▶ Work to complete
From the line containing "Top di Next in verde: frontale" through the last line of the entries below, transcribe each line exactly, excluding any picture.

[Data entries]

* * *

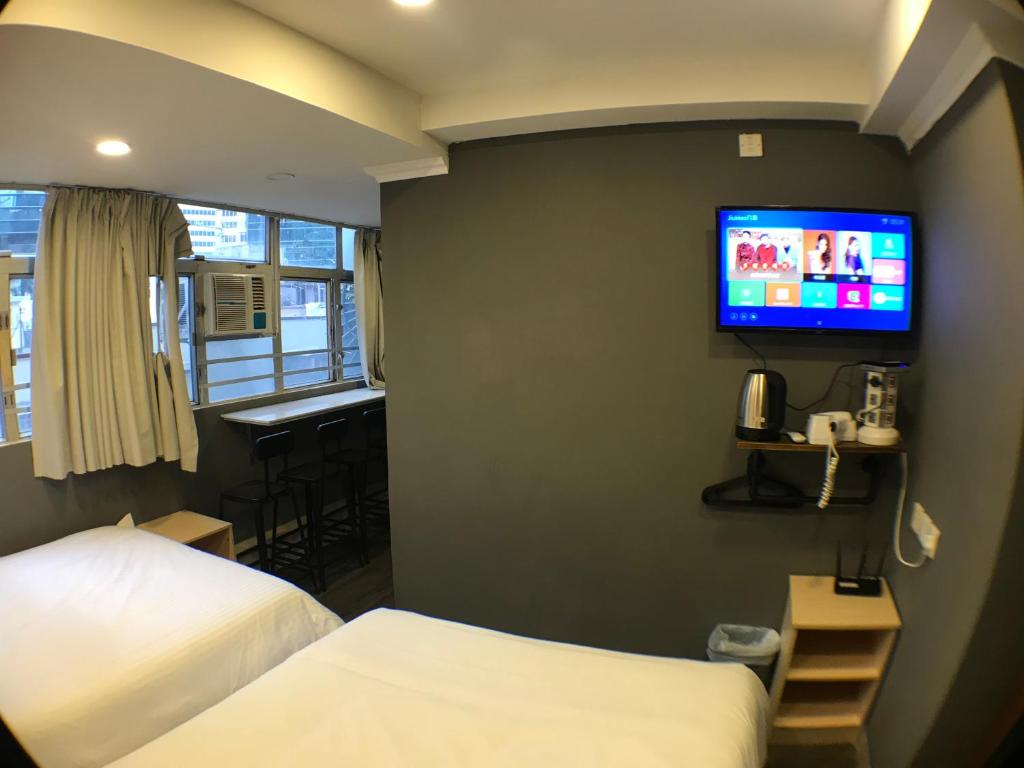 Ένα ή περισσότερα κρεβάτια σε δωμάτιο στο Soso Hostel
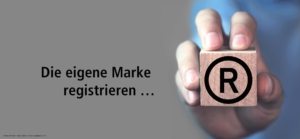 Die eigene Marke registrieren mit Hand, die Würfel mit Aufdruck Registered Trademark hält.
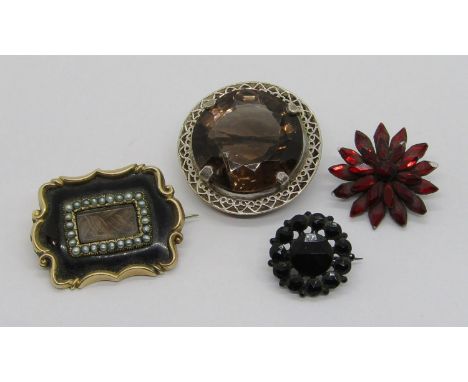 Group of four brooches comprising a 19th century yellow metal mourning brooch containing woven hair, inscribed to reverse 'A.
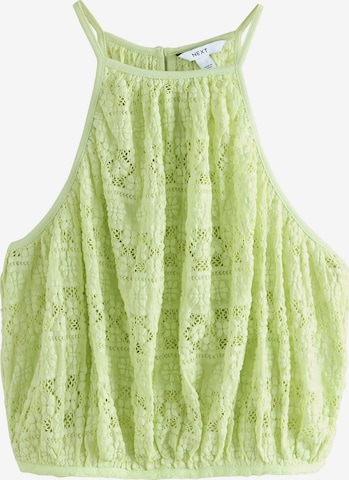 Top di Next in verde: frontale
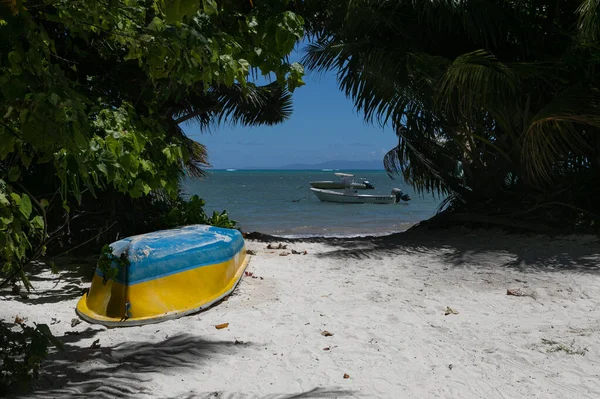 Upside down wooden coloured boat is on white sand against a backdrop of green tropical bushes on the beach. In the distance, through the arch of trees is seen blue ocean water and horizon line.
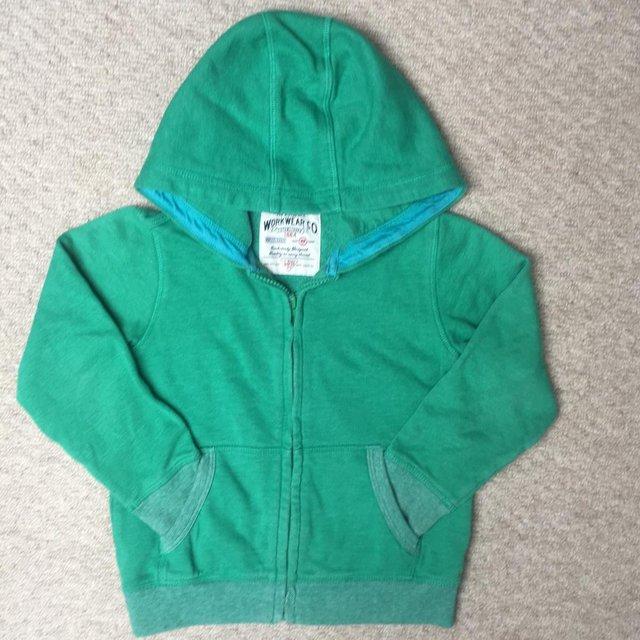 Preview of the first image of M&S green zipped sweatshirt/hoodie. Age 4-5 yrs. Can post..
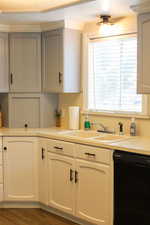Kitchen featuring dark wood-style flooring, light countertops, a sink, and dishwasher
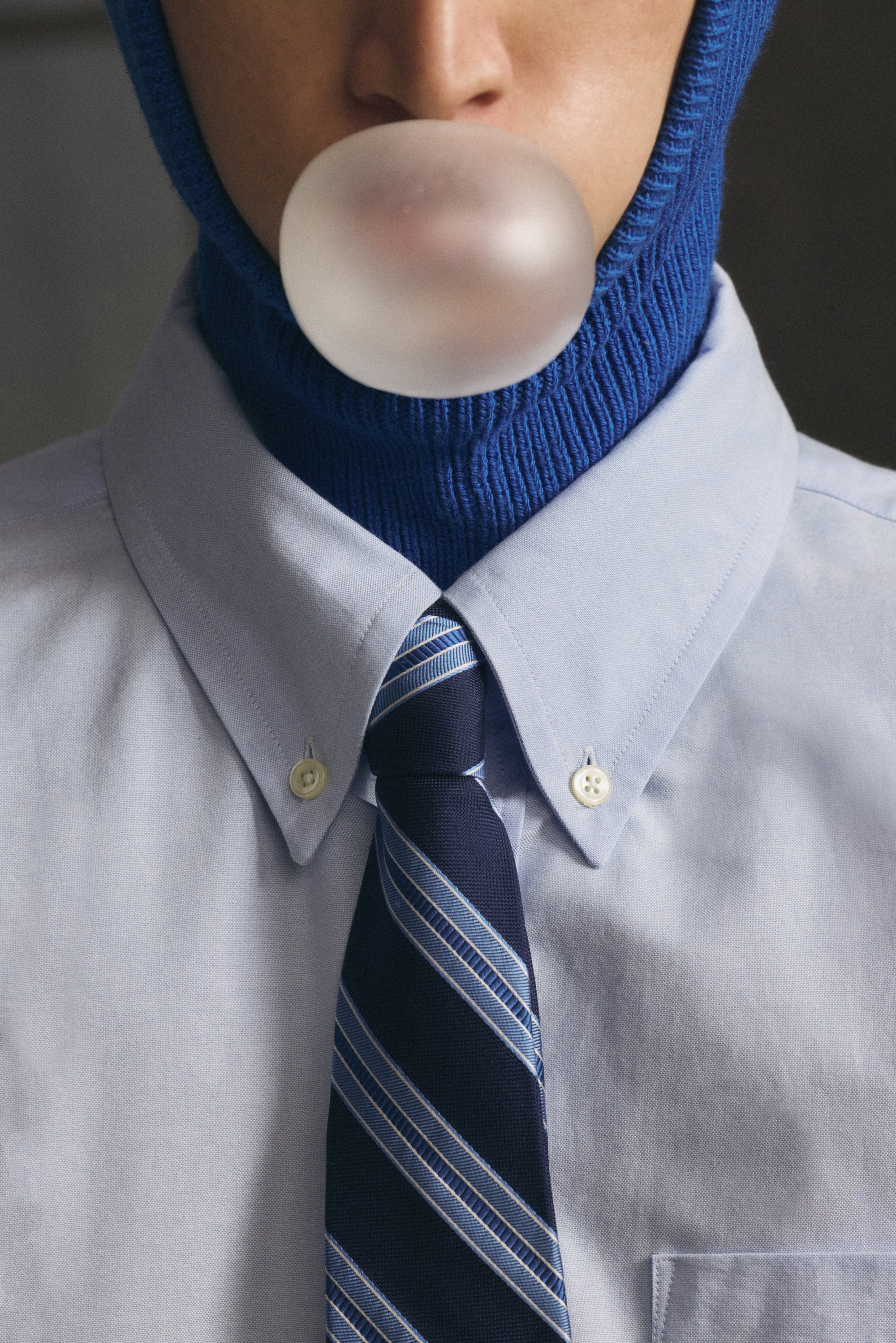 En person har på sig en blå stickad mössa och en ljusblå skjorta med en randig slips, och blåser en stor bubbla med tuggummi.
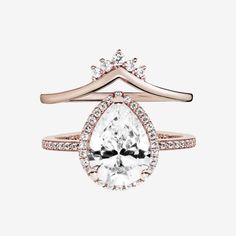 a rose gold ring with a pear shaped diamond on top and two rows of diamonds around the band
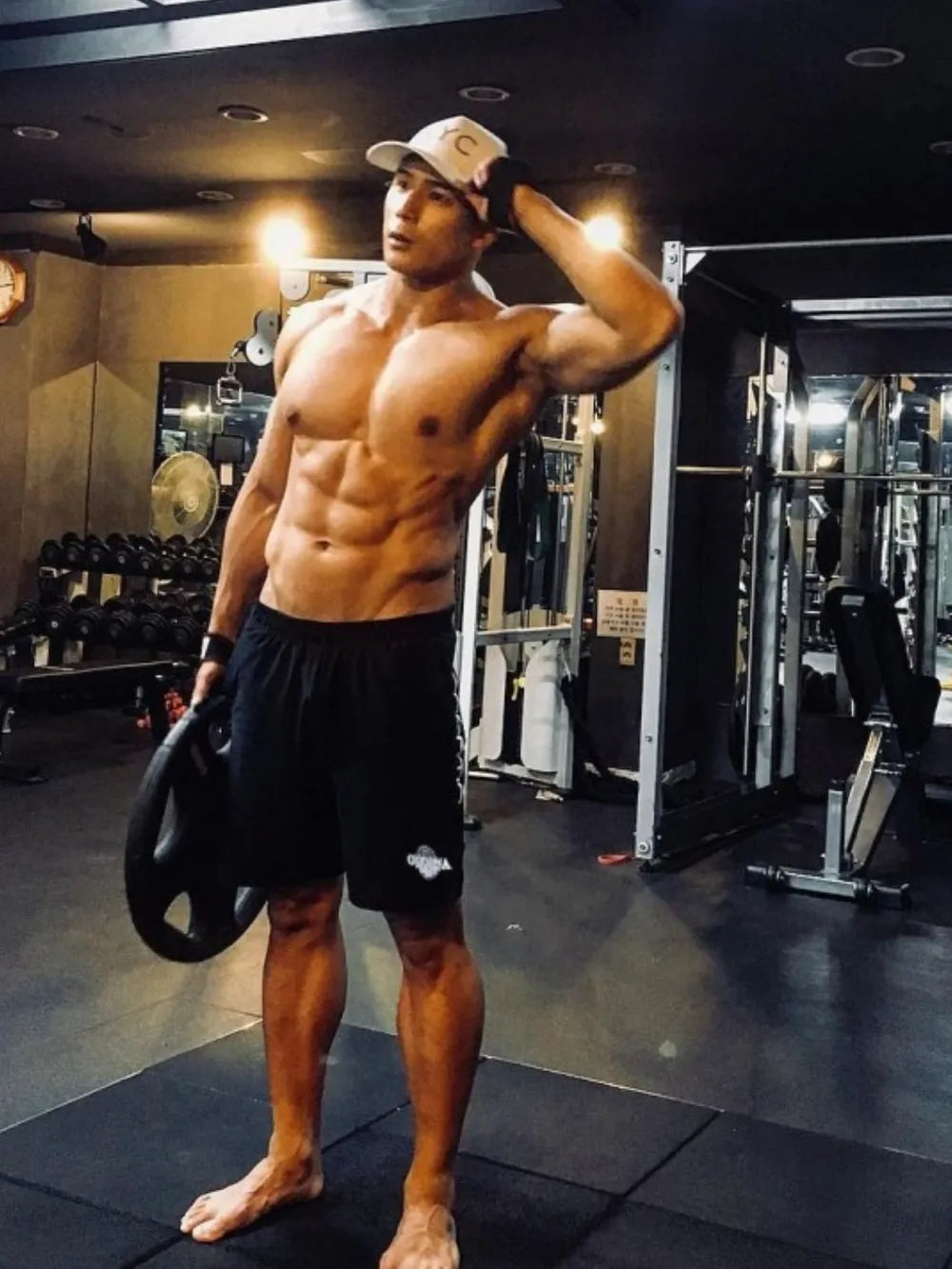 NEWYORKLISTED ATLAS MEN's COLLECTION: Muscular man posing in a gym holding a disc wearing NEWYORKLISTED ATLAS shorts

* * *

▶ Solution to this task
 Top di Next in verde: frontale
 Upside down wooden coloured boat is on white sand against a backdrop of green tropical bushes on the beach. In the distance, through the arch of trees is seen blue ocean water and horizon line.
 Preview of the first image of M&S green zipped sweatshirt/hoodie. Age 4-5 yrs. Can post..
Kitchen featuring dark wood-style flooring, light countertops, a sink, and dishwasher
 En person har på sig en blå stickad mössa och en ljusblå skjorta med en randig slips, och blåser en stor bubbla med tuggummi.
 a rose gold ring with a pear shaped diamond on top and two rows of diamonds around the band
 NEWYORKLISTED ATLAS MEN's COLLECTION: Muscular man posing in a gym holding a disc wearing NEWYORKLISTED ATLAS shorts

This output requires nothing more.